As of the 23rd May 2022 this website is archived and will receive no further updates. was produced by the Winton programme for the public understanding of risk based in the Statistical Laboratory in the University of Cambridge. The aim was to help improve the way that uncertainty and risk are discussed in society, and show how probability and statistics can be both useful and entertaining.

Many of the animations were produced using Flash and will no longer work.

I was lucky enough to get included in the Horizon programme on Infinity last night, talking about the old monkey-Shakespeare issue. Of course most of my rambling contribution was (rightly) cut, so here’s a few background details for anyone interested.

  • We assumed the monkey was typing lower-case letters and some punctuation, and that each of $34$ characters was equally likely to be picked. So each character typed has a $1$ in $34$ chance of being the right one. There are $5,000,000$ characters in Shakespeare, and so the chance that they are all right, from beginning to end, is $1$ in $34^{5,000,000} = 10^{7,600,000}$, which we shall $t$ for ‘tiny’. So each time the monkey starts typing, there is a $t$ chance of completing Shakespeare. This number is small but finite.

  • We are ‘certain’ of this event occurring in exactly the same sense that we are ‘certain’ that if we repeatedly flip a fair coin, it will eventually come up heads. This will take on average 2 flips, just as the time to get the first six when throwing a die is expected to be 6 throws. So we expect to see Shakespeare after an average of $1/t$ tries by the monkey, which of course will take a long time, in fact well after the universe has come to an end. The probability that this event has not occurred by a time $T$ decreases to 0 as $T$ increases to infinity: this follows from the Law of Large Numbers : the Strong version of that Law means that the event will happen with probability 1, in that the only way that the monkey does not end up typing Shakespeare is if something with probability 0 occurs.
  • The chance of winning the lottery is around 1 in $14,000,000 = 10^{7.1}$. So the tiny chance $t$ is equivalent to winning around 1,000,000 lotteries in a row, since $10^{7,600,000}$ is around $10^{7.1}$ to the power 1,000,000. If you bought one lottery ticket a week, this is like winning every week for 20,000 years (I said 27,000 on the programme due to some over-rapid back-of-envelope calculations). Of course in real life people might start getting suspicious.
  • To get 17 characters right, eg "to_be_or_not_to_b", would require an event with chance 1 in $34^{17}$ = $2 \times 10^{19}$. Our program types characters at 50 a second, so we would expect to wait around $4 \times 10^{17}$ seconds before this occurred, which is 13.8 billion years, just a little after the Big Bang signalled the start of our Universe.
  • The nice Monkey Simulator program was written by Aaron Russell and is available from this website.
  • Around 30% of the characters in Shakespeare are the letter ‘e’. We could have given the monkey a head-start with this information, but filling in the other 70% is still quite tricky.
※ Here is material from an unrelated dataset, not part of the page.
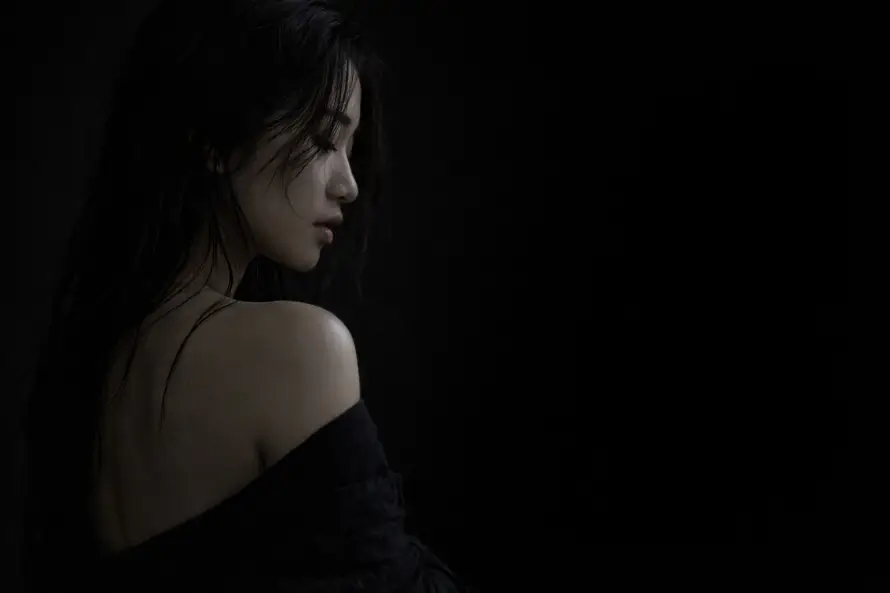 2k侧颜壁纸-女生 - 暗调-短发「哲风壁纸」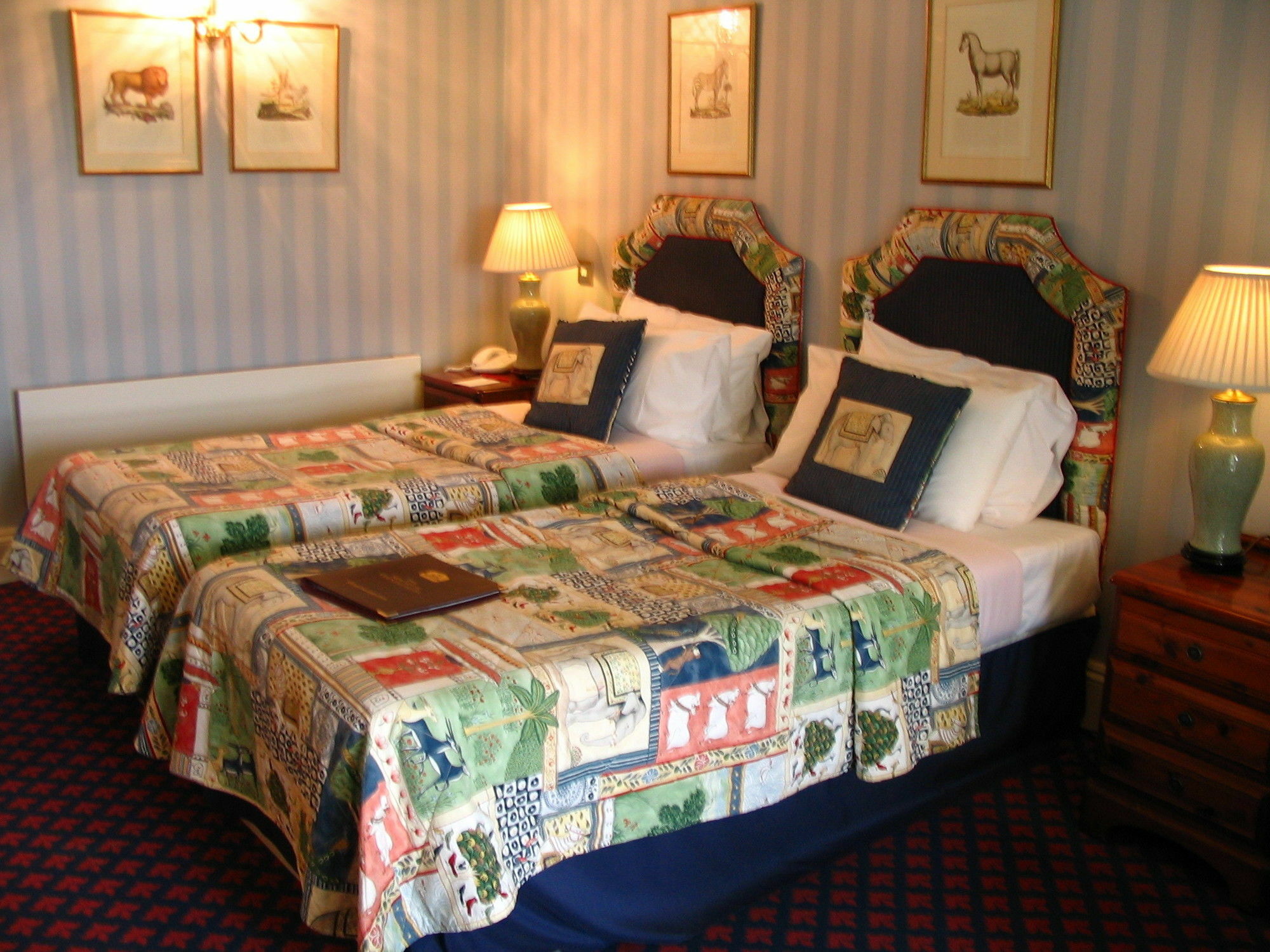New House Country Hotel Cardiff Extérieur photo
  • Just to show that that theory does not always meet practice, a wonderful arts project in Paignton Zoo put a computer in a monkeys’ enclosure to see how they got on. The monkeys typed 5 pages, mainly the letter 's', and then used the keyboard as a toilet. So rather a limited output of classic English literature. This just shows the problems that turn up when maths meets the real world.


The horizon blurb says: "In an infinite universe, there are infinitely many copies of the Earth and infinitely many copies of you." This is sometimes thought to be a consequence of Bayesianism. Discuss? Dave M

Give an infinite number of monkeys an infinite amount of typewriter time one will eventually get the complete works of Shakespeare. Someone has added, “now thanks to the internet we know this to be false.”

Bernard Koopman, one of my mentors, put it thus: Suppose we wanted to replicate a single line of Shakespeare, say 100 characters, by setting a million monkeys randomly tapping away at a million characters per second. With a choice of 34 characters, there are 100^34 (0r 10^68) different 100-character strings. The million monkeys are producing 10^12 characters/second, so 10^12 new random lines are generated every second (if we assume that each new character appends to the 99 prior ones). So it will take 10^(68-12) or 10^56 seconds to complete all possible 100-character lines. If we estimate the universe to be at most 10^14 years old, it has been around for 3600 x 24 x 365.25 x 10^14 seconds, or ~3 x 10^21 seconds -- let's be generous and call it 10^22 seconds. So every 100-character line will be replicated by these monkeys in only 10^(56-22) or 10^34 lifetimes of the universe!